Washington found rare common cause with its longtime foe Tehran, with both voicing dismay at the Sunni extremists' advance and pledging to boost aid to Iraq's beleaguered Shia prime minister.
The militants, who have swept up a huge swathe of predominantly Sunni Arab territory in northern and north-central Iraq since launching their offensive in second city Mosul late on Monday, advanced into ethnically divided Diyala province.
The insurgents captured the town of Dhuluiyah just 90 kilometres from Baghdad, army officers said, as they pushed into a province whose mixed Arab and Kurdish and Sunni and Shia population has made it a byword for violence ever since the 2003 overthrow of Sunni Arab dictator Saddam Hussein.
ISIL spokesman Abu Mohammed al-Adnani vowed the jihadists would not stop there, but would press on to the capital and the Shia shrine city of Karbala, visited by millions of pilgrims from around the world each year.
The Shia-led government in Baghdad has been left floundering by the speed of the jihadist assault.

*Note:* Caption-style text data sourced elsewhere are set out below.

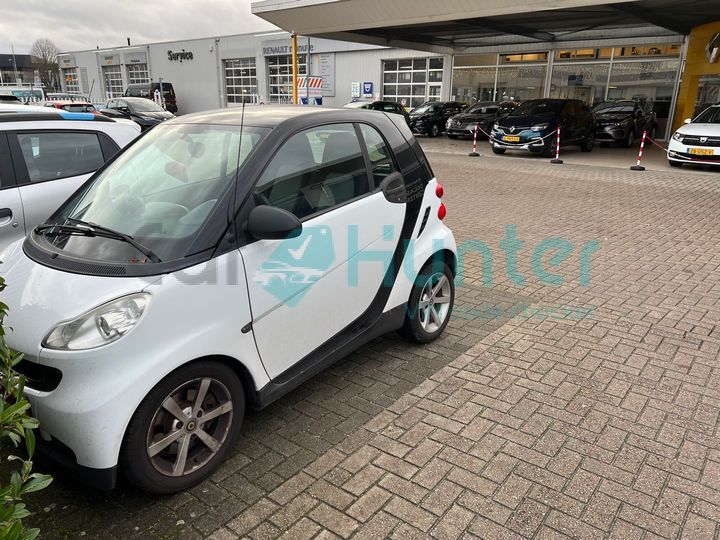 smart fortwo coup 2008 wme4513801k127846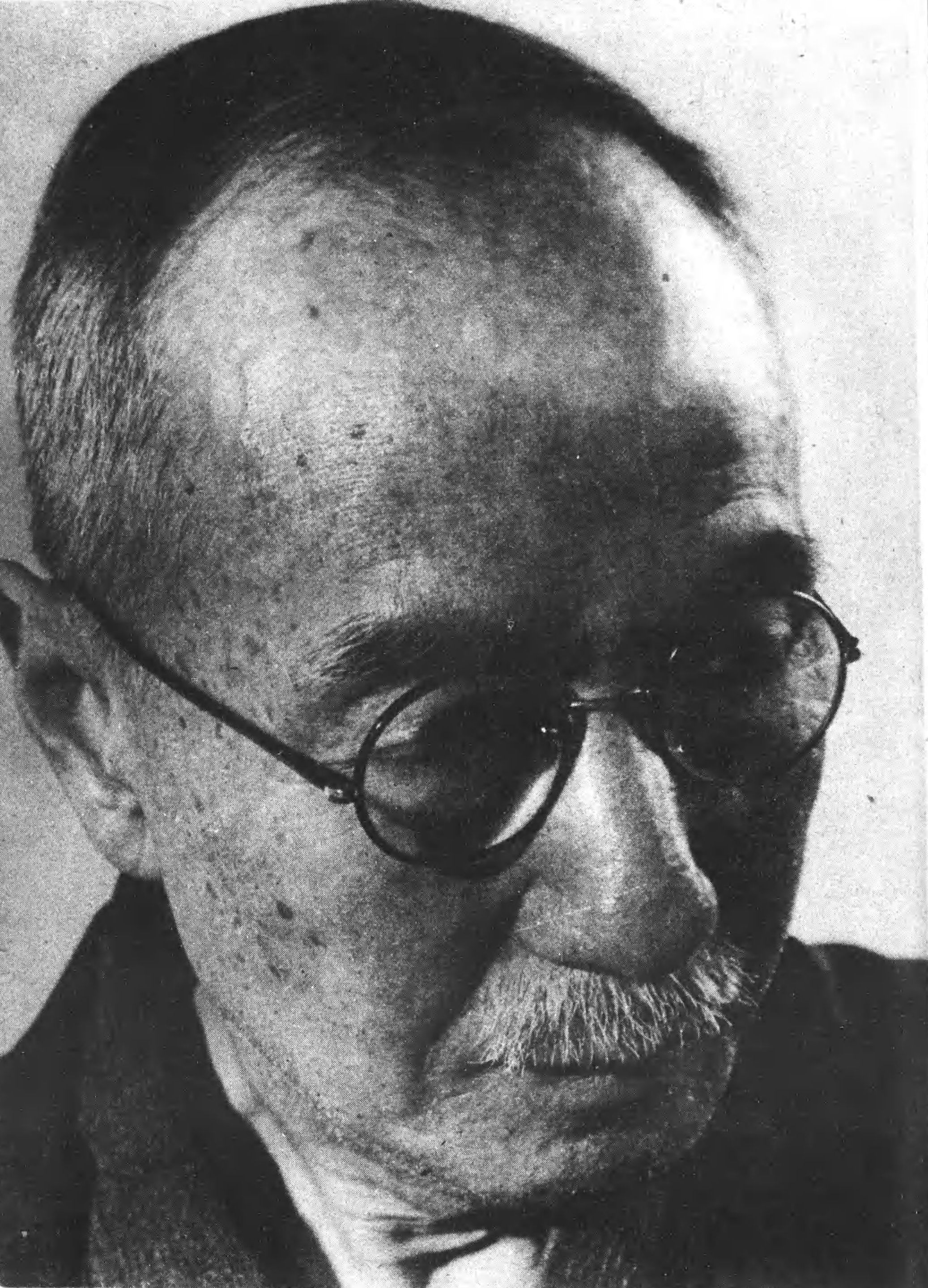 Portrait of TAKAHAMA Kyoshi7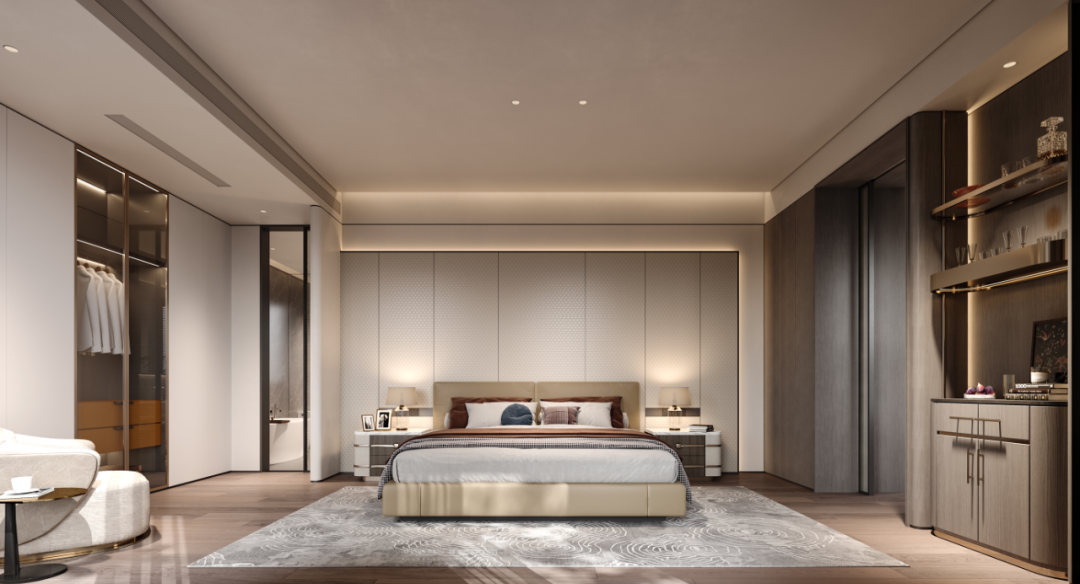 登云湖别墅户型全解析：以光为引，重塑空间哲学-77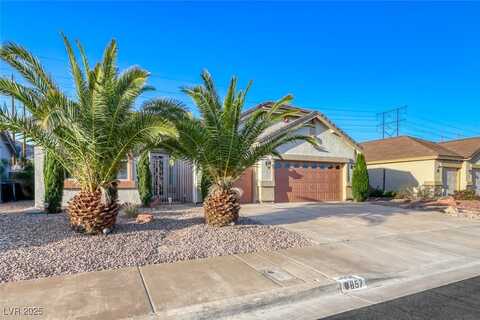 857 SUMNER RANCH Road, Henderson, NV 89012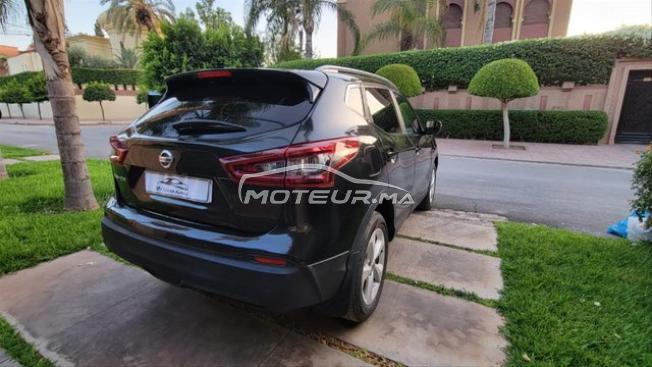 Nissan Qashqai 2021 Diesel Manuelle à Marrakech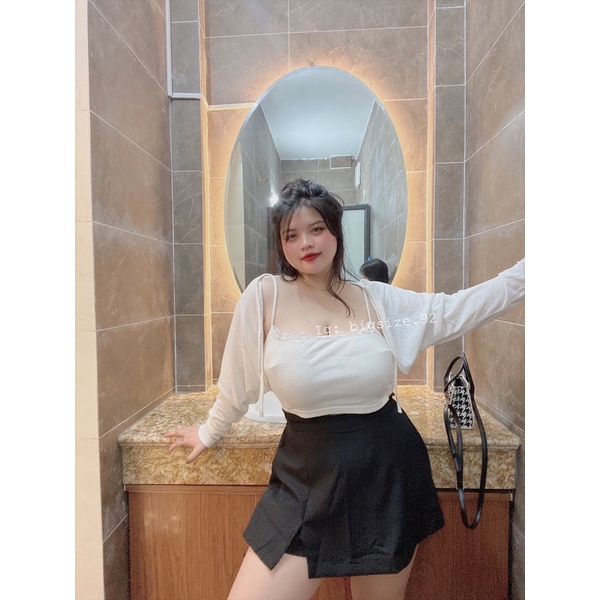 Áo khoác ngoài bigsize 65-85kg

Prime Minister Nuri al-Maliki said he would seek parliament's authorisation to declare a state of emergency but MPs failed to muster a quorum for the vote yesterday.
The swift collapse of Baghdad's control comes on top of the loss of Fallujah, west of Baghdad, at the start of the year. It has been a blow for Western governments that invested lives and money in the invasion that toppled Saddam.
Washington is considering several options for offering military assistance to Baghdad, including drone strikes, a US official told AFP on condition of anonymity.
Resorting to such aircraft -- used in Afghanistan, Pakistan and Yemen in a highly controversial programme -- would mark a dramatic shift in the US engagement in Iraq, after the last American troops pulled out in late 2011.
But there is no current plan to send US troops back into Iraq, where around 4,500 American soldiers died in the bitter conflict.
Nato chief Anders Fogh Rasmussen said he saw no role in Iraq for the Western alliance in the battle against Islamists.